Tras la batalla, Mario hizo erigir una pira masiva con escudos y ropas de los enemigos para ofrecer un sacrificio a los dioses. Cuando estaba a punto de encenderla, llegaron unos mensajeros a caballo para anunciarle que acababa de ser elegido cónsul por quinta vez. ¿Casualidad literaria inventada por Plutarco o golpe de efecto preparado por el mismo Mario?

Tras aquella espléndida victoria, Mario dejó a su ejército acantonado en la zona y viajó a Roma para tomar posesión de su cargo. Después de acabar con los teutones y los ambrones, era evidente que merecía un triunfo todavía más sonado que el que había celebrado por su victoria contra Yugurta. Pero no tuvo más remedio que posponerlo, pues las noticias que llegaban del nordeste no eran tranquilizadoras. Por allí llegaban los cimbrios, el enemigo más poderoso, y el ejército de Catulo era incapaz de contenerlos.

La batalla de Vercelas

L
a estrategia de Catulo, decidida de acuerdo con Mario, consistía en vigilar los accesos alpinos del este para evitar que los invasores bajaran al valle del Po. Uno de sus legados era Sila. La relación entre este y Mario se había deteriorado después de la captura de Yugurta, pues cada uno de ellos se atribuía todo el mérito de aquel triunfo, de modo que no resulta extraño que Sila prefiriera servir en el ejército consular de Catulo.

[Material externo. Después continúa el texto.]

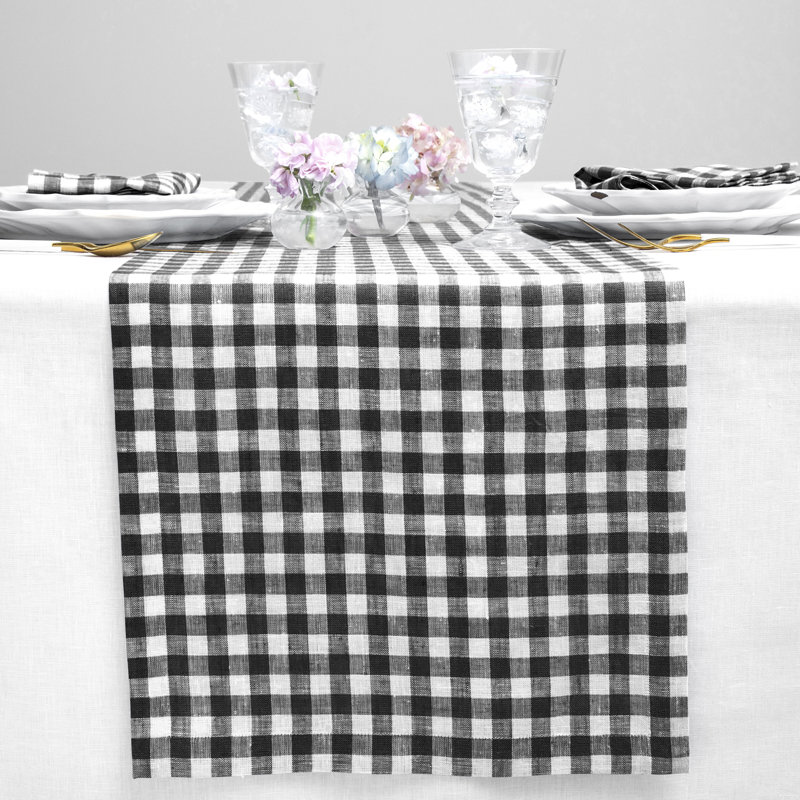 Gingham Checks - 100% Pure Linen Table Runner, 108" x 14", Black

El cónsul tenía a sus órdenes un ejército de unos veinte mil hombres, que apostó en la zona del paso del Brennero al mismo tiempo que trataba de asegurarse la lealtad de las tribus locales.

Pero Catulo y sus hombres no aguantaron apenas la posición. A finales del otoño, tal vez en noviembre, vieron cómo el ejército cimbrio se derramaba montaña abajo. Literalmente, pues muchos de los germanos, casi desnudos, se arrojaban por las laderas usando sus escudos a modo de trineos. Aquel espectáculo y el número de los enemigos sembraron el pavor en los corazones de los romanos, que se retiraron hacia el sur.

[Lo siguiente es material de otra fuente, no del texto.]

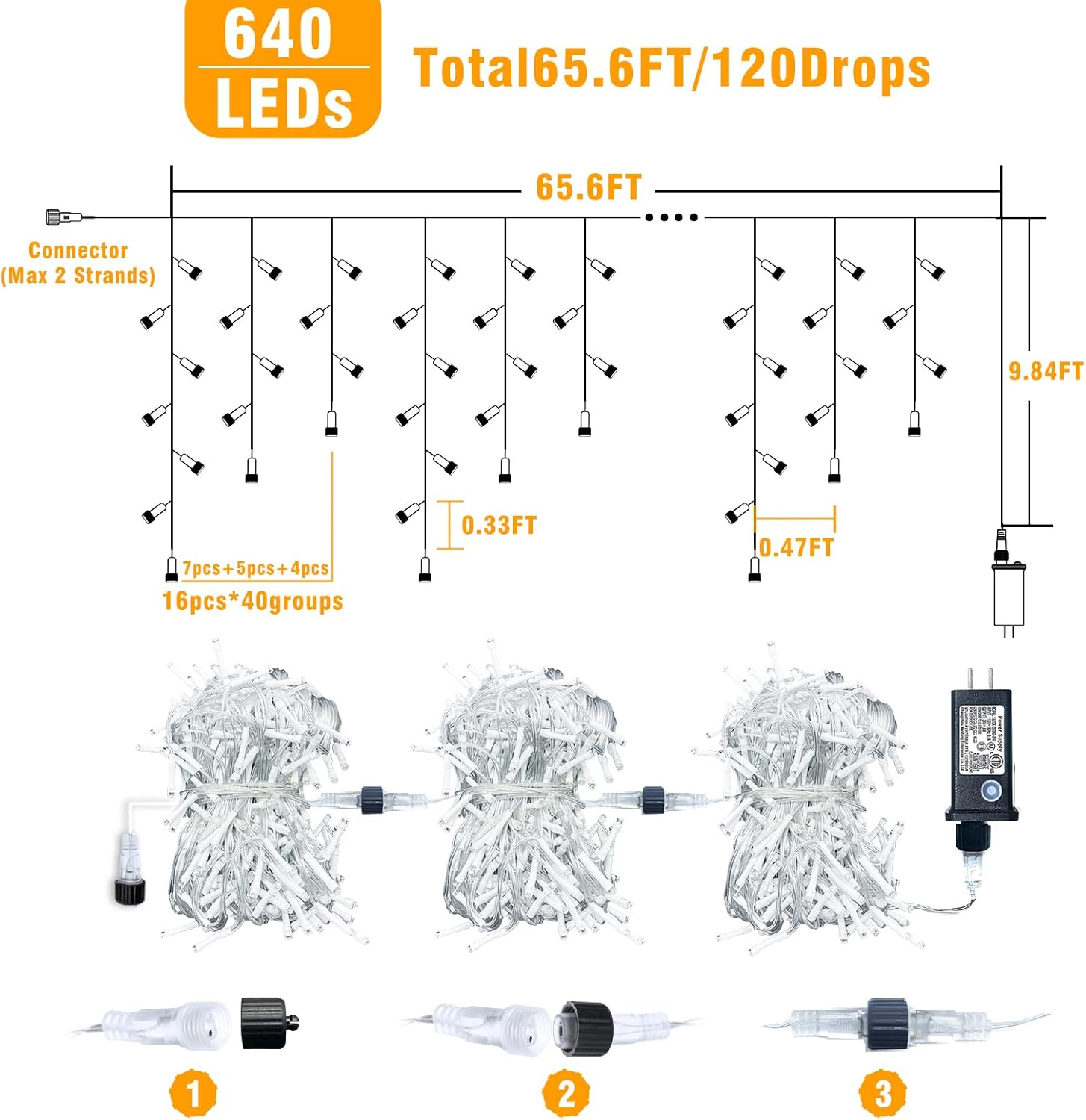 66ft Icicle Lights for Outside - 640 LED Christmas Lights Outdoor with 120 Drops 8 Modes, Plug in Twinkle Light Outside for Holiday Wedding Party Tree Room Indoor Thanksgiving Decoration, Warm White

Catulo tomó una posición defensiva en el río Atiso (el actual Adige, que corre casi paralelo al Po), y construyó fortificaciones en ambos lados. Instaló su campamento principal en la orilla izquierda del río, pero con la precaución de tender un puente por si tenía que retirarse a la margen derecha.

Poco después aparecieron los cimbrios, que represaron el curso superior del río para desviarlo de su cauce. No contentos con ello, actuando con la violencia de los gigantes que quisieron asaltar el Olimpo, desgajaron árboles y los arrojaron al Adiso con raíces y grandes bloques de tierra y de roca. Cuando la corriente arrastró los troncos y los hizo chocar contra los pilares del puente, este empezó a tambalearse. Comprendiendo que su única vía de escape iba a venirse abajo, los soldados acampados en el fuerte principal lo abandonaron y se retiraron al otro lado del río.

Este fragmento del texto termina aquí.